Re: Great Commercial Suicide Albums
May 11, 2011, 18:29
Val Doonican - Aran Gimp (remastered).
Kid Calamity
9048 posts

Re: Great Commercial Suicide Albums
May 11, 2011, 18:32
Ha ha ha!! LOL!!
Aidan
34 posts

Re: Great Commercial Suicide Albums
May 11, 2011, 18:52
OMD's Dazzle Ships is another one. Totally ahead of its time back in '83, and took about 25 years for the music media to pick up on how good it was.
Kid Calamity
9048 posts

Re: Great Commercial Suicide Albums
May 11, 2011, 19:10
Exactly. I had considered mentioning that and indeed several by David Bowie that could also have proved terminal.

However, both knew their core audience's eagerness or loyal enthusiasm (better than the press and critics certainly did) for having their horizons broadened. A risk that proved very lucky, indeed.

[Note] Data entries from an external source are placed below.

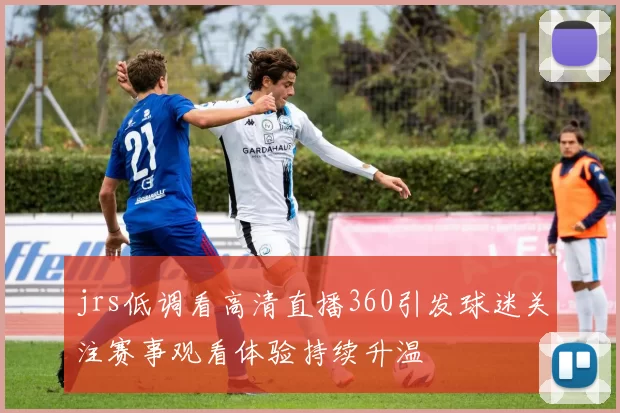 jrs低调看高清直播360引发球迷关注赛事观看体验持续升温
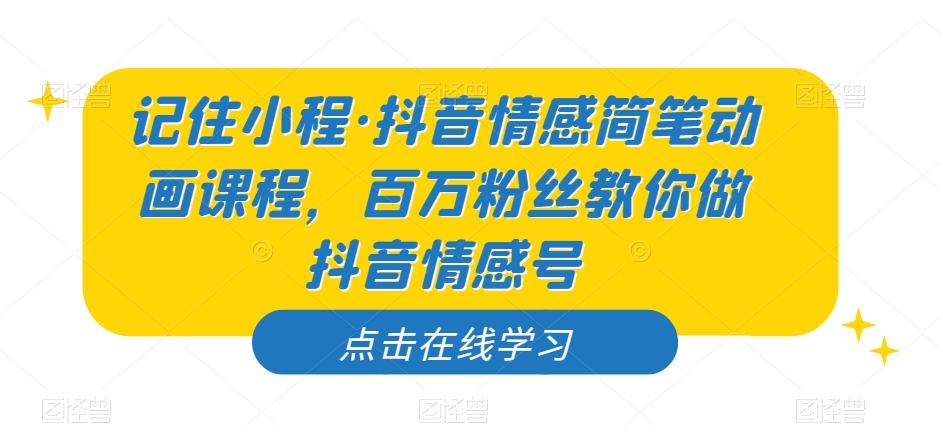 记住小程·抖音情感简笔动画课程，百万粉丝教你做抖音情感号-搞个副业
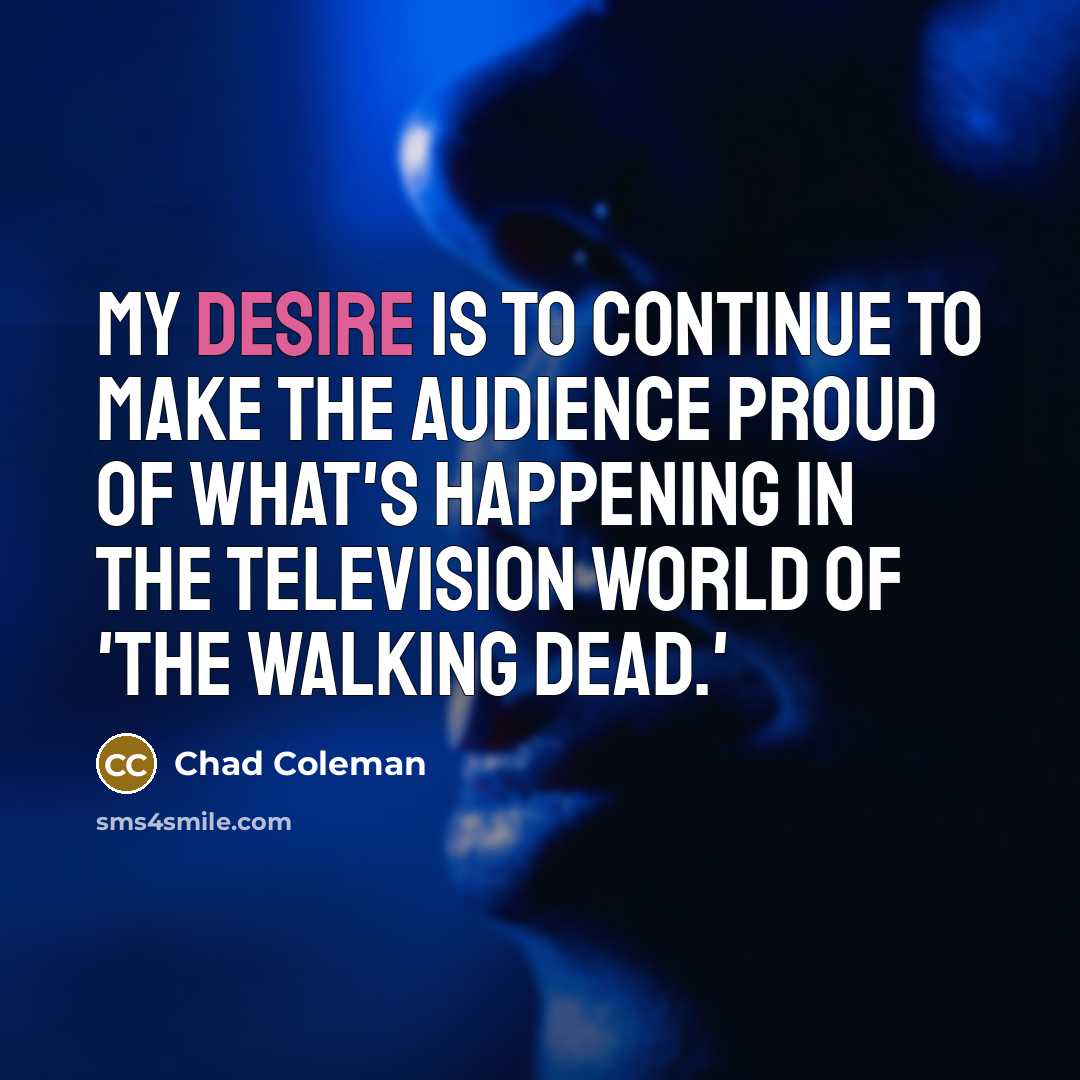 “My desire is to continue to make the audience proud…” quote by Chad Coleman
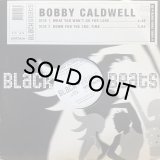 BOBBY CALDWELL/WHAT YOU WON'T DO FOR LOVE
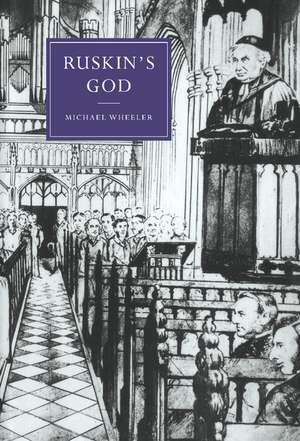 Ruskin's God de Michael Wheeler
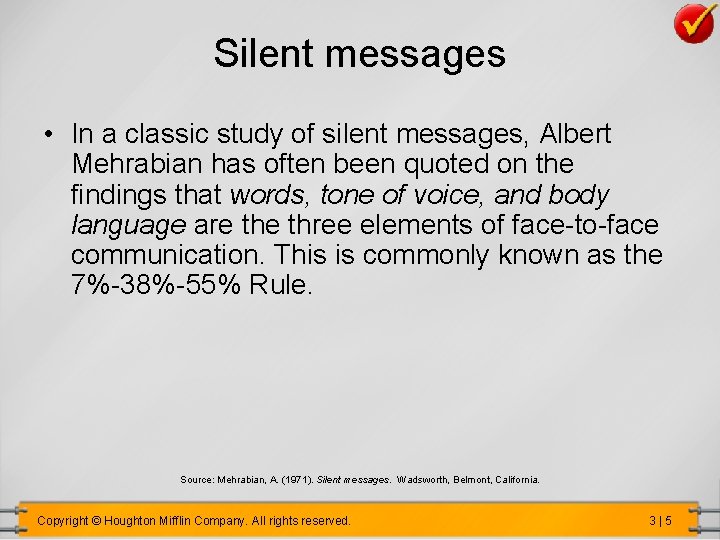Silent messages • In a classic study of silent messages, Albert Mehrabian has often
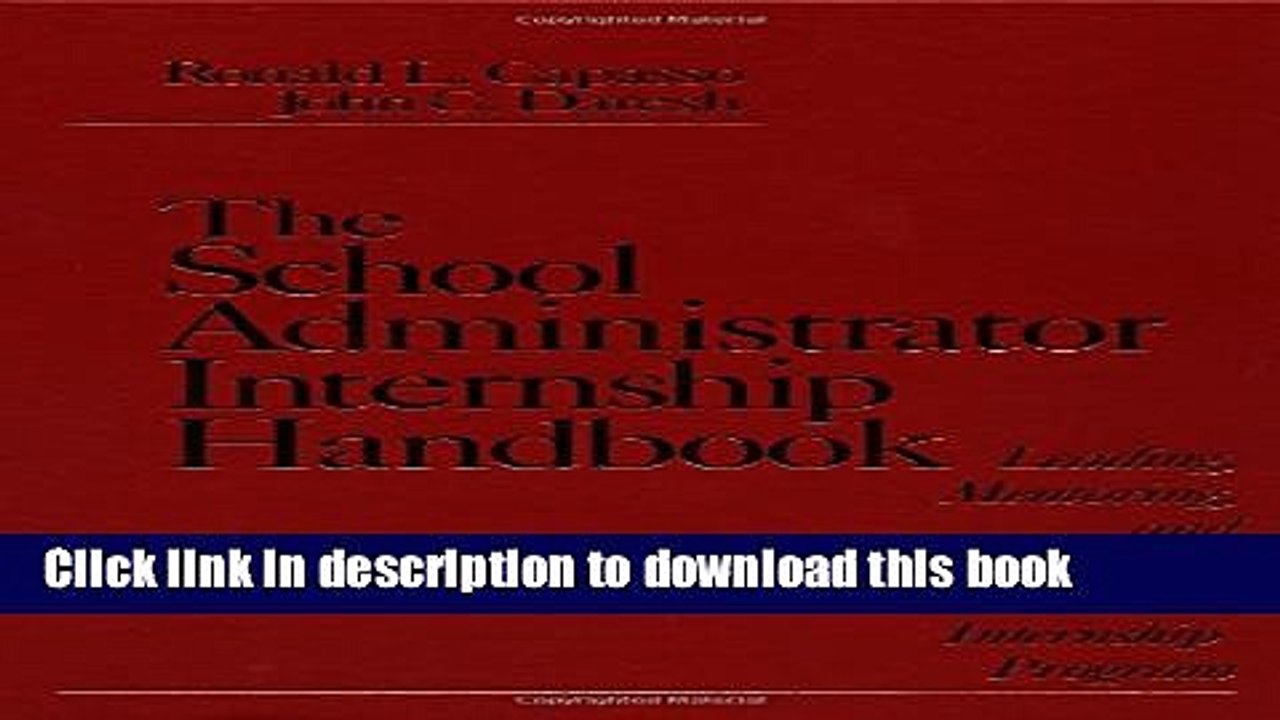 Ebook The School Administrator Internship Handbook: Leading, Mentoring, and Participating in the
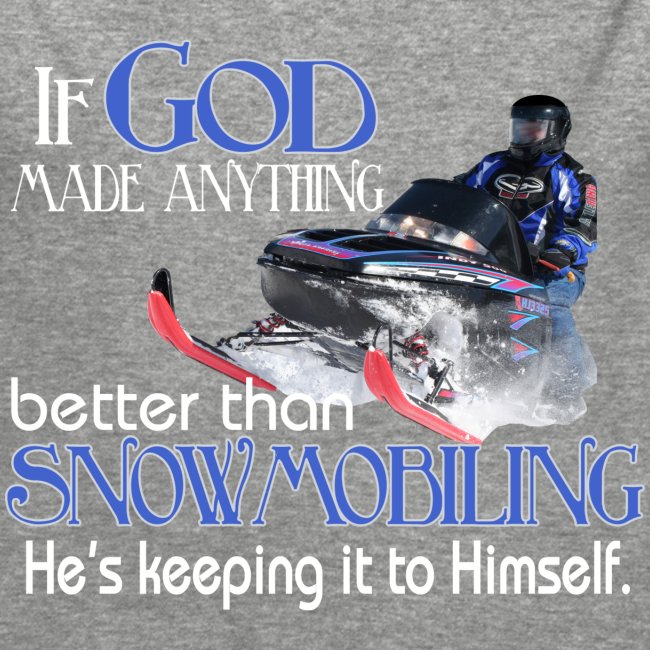 God Snowmobiling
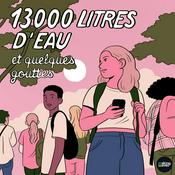 Podcast 13000 litres d'eau et quelques gouttes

Now, where did Marilyn Manson go wrong?
toasted-whippet
toasted-whippet
86 posts

Re: Great Commercial Suicide Albums
May 11, 2011, 20:15
Daevid Allen has made a career out of it (or not!)

Big jazzy psychedelic Gong trilogy, followed by pared down acoustic "Good Morning" and "Now is the happiest time of your life" (His best work IMO)

Just gets going again, then its "Death of Rock" and "Divided Alien Playbax" (hate them)

done this several times over
Robot Emperor
Robot Emperor
762 posts

Re: Great Commercial Suicide Albums
May 12, 2011, 00:03
Aidan wrote:
Soft Cell- This Last Night In Sodom. By far their best work. The less well-known Soft Cell material is far better than the stuff that generally gets played, particularly during their later stages.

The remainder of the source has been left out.